Optimization notes
Both the hashset and radix sort algorithms can be optimized by noting three facts:
- Odd and even values can be handled separately
- Calculating an integer square root is a very fast operation (typically consists of 3-5 divides and a few adds)
- Cache locality is important for both of these algorithms
The optimized algorithms below will typically perform 5x faster and use less than half the RAM of the unoptimized case. In some cases where the data size is similar to the L2/L3 cache size they may perform 100x faster or more.
Optimized algorithm based on radix sort
Data structure is five lists of integers: IN, Aodd, Bodd, Aeven, Beven
The A and B lists use half the integer size of IN. (eg if IN = 64bits, A & B = 32bits)
- Scan list IN to find the largest odd and even numbers MAXodd and MAXeven
- Let LIMITodd = floor(sqrt(MAXodd))
- Let LIMITeven = floor(sqrt(MAXeven))
- For each number in list IN: a.

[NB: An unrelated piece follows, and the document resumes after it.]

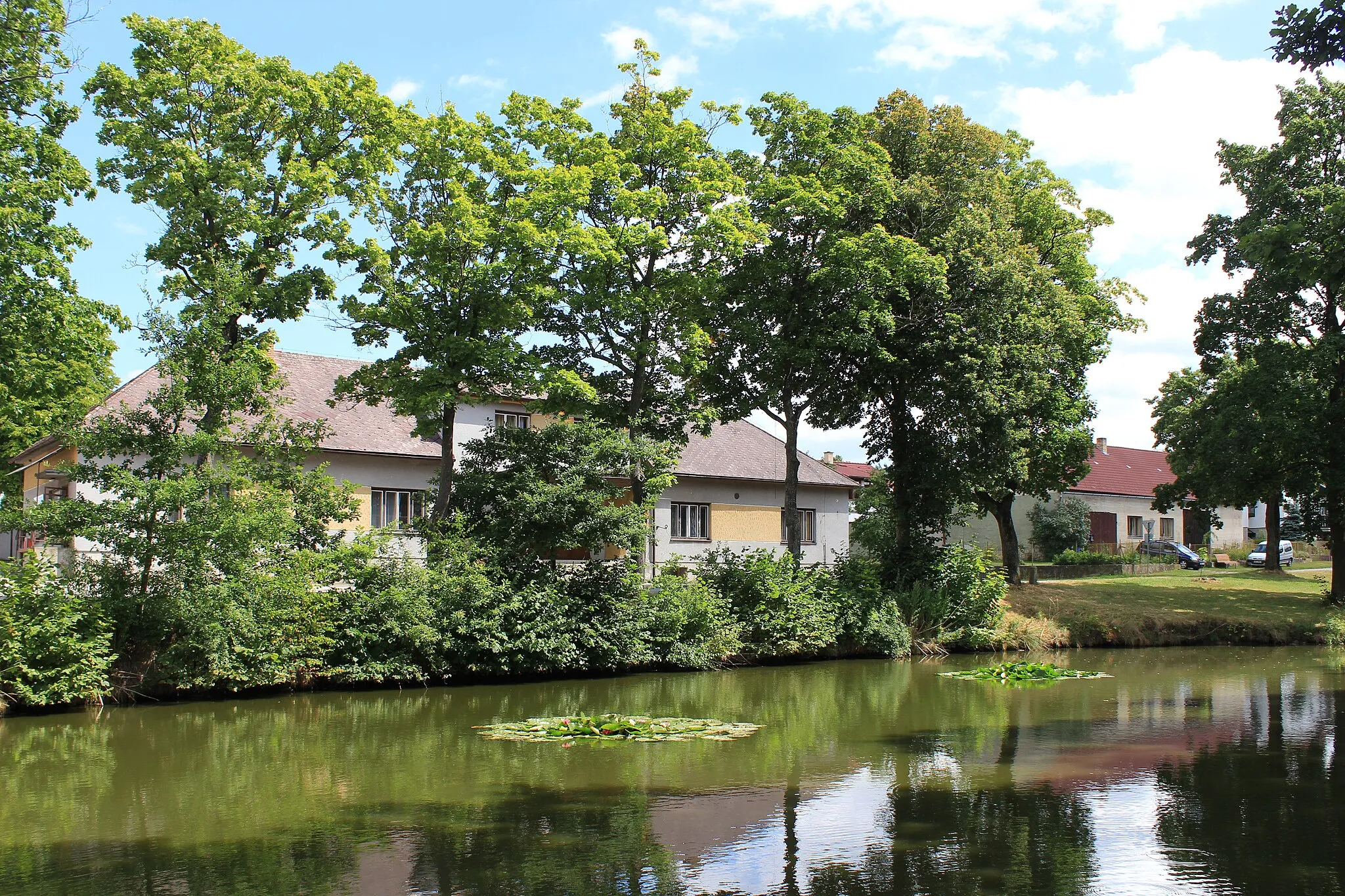 Photo showing: Common pond in Žděšov, part of Jarošov nad Nežárkou, Czech Republic.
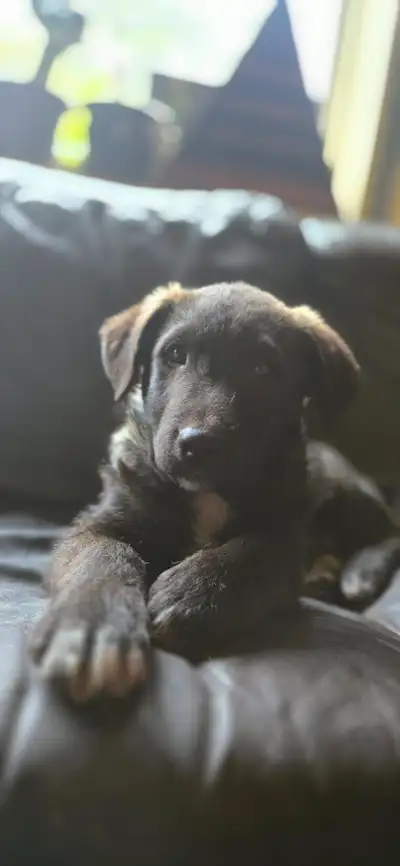 We have three puppies left out of a litter of nine of Border Collie x Black Lab puppies ready for th...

Compute the square root if positive. If exact, add the square root to list Aodd/Aeven. b. If the number is >=0 and <= LIMITodd/LIMITeven, add it to list Bodd/Beven
- Radix sort list Aodd and Bodd using just log2(LIMITodd) bits
- Linear scan Aodd and Bodd for a match
- Radix sort list Aeven and Beven using just log2(LIMITeven) bits
- Linear scan Aeven and Beven for a match
If either linear scan finds a match, return that match immediately.
The reason this is much faster than the straightforward radix sort algorithm is that:
- The arrays being sorted typicaly have less than 1/4 the numbers of values and need only half the number of bits per integer, so a total of less than 1/8 the RAM in use in a given sort which is good for the cache.
- The radix sort is done on much fewer bits leading to fewer passes, so even if it does exceed your L1 or L2 cache you read RAM fewer times, and you read much less RAM
- The linear scan is typically much faster because the A list contains only exact square roots and the B list only contains small values
Optimized algorithm based on hashset
Data structure is list of integers IN, plus two hashsets A and B
The A and B sets use half the integer size of IN
- Scan list IN to find the largest odd and even numbers MAXodd and MAXeven
- Let LIMITodd = floor(sqrt(MAXodd))
- Let LIMITeven = floor(sqrt(MAXeven))
- For each odd number in list IN: a. Compute the square root if positive. If exact, check if square root exists in B & return if true otherwise add it to A. b. If the number is >=0 and <= LIMITodd/LIMITeven, check if it exists in A & return if true otherwise add it to B.
- Clear A and B and repeat step 4 for even numbers
The reason this is faster than the straightforward hashset algorithm is that:
- The hashset is typically 1/8 the amount of RAM leading to much better cache performance
- Only exact squares and small numbers have hashset entries, so much less time is spent hashing and adding/removing values
There is an additional small optimization available here: A and B can be a single hashset, which stores bit flag with each entry to say whether the integer is in A or B (it can't be in both because then the algorithm would have terminated).